- **Work item**
Leaving out the images, repeat all the lines below exactly.

- **Source data**
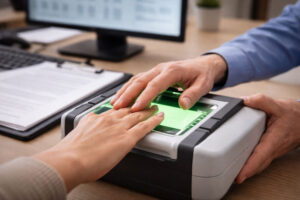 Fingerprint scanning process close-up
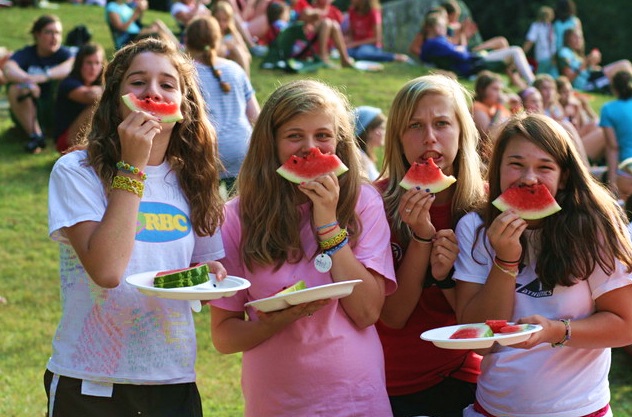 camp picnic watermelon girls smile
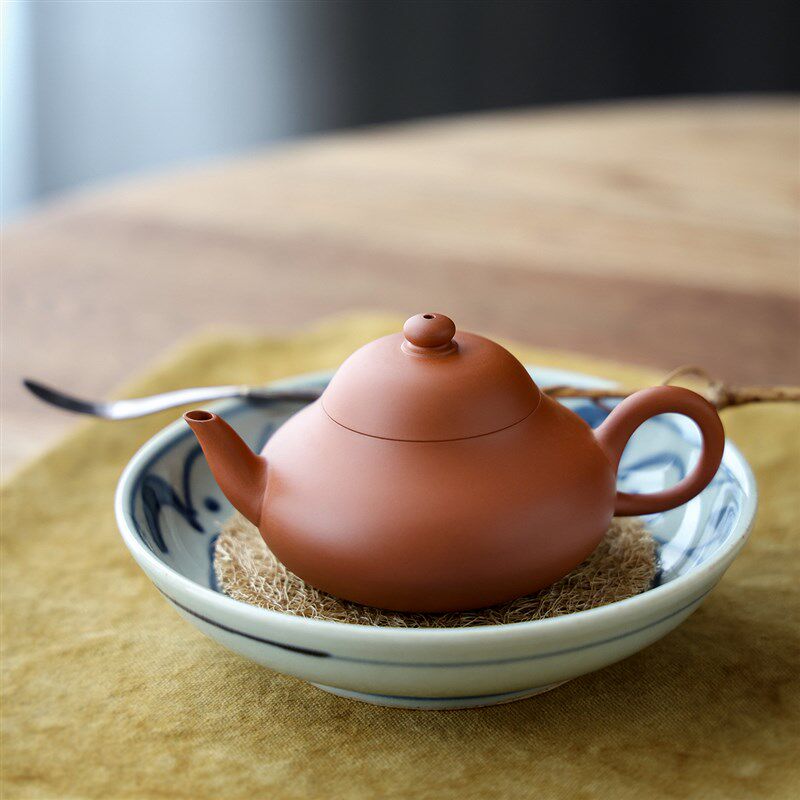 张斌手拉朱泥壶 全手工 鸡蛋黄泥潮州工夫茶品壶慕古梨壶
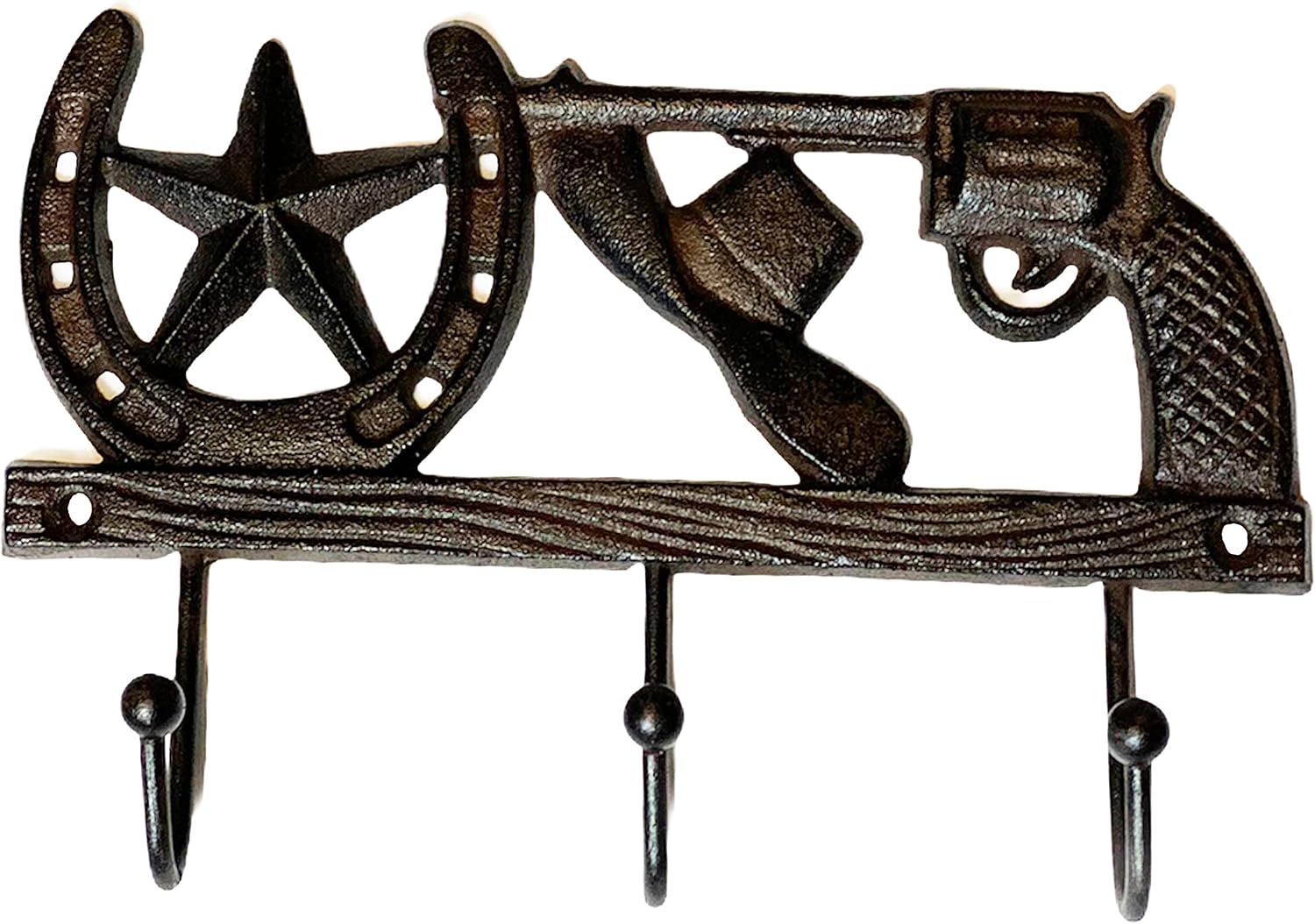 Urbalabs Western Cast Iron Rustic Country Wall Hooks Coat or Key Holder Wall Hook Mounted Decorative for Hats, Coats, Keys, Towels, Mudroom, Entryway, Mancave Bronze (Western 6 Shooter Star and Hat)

- **Finished exercise**
 Fingerprint scanning process close-up
 camp picnic watermelon girls smile
 张斌手拉朱泥壶 全手工 鸡蛋黄泥潮州工夫茶品壶慕古梨壶
 Urbalabs Western Cast Iron Rustic Country Wall Hooks Coat or Key Holder Wall Hook Mounted Decorative for Hats, Coats, Keys, Towels, Mudroom, Entryway, Mancave Bronze (Western 6 Shooter Star and Hat)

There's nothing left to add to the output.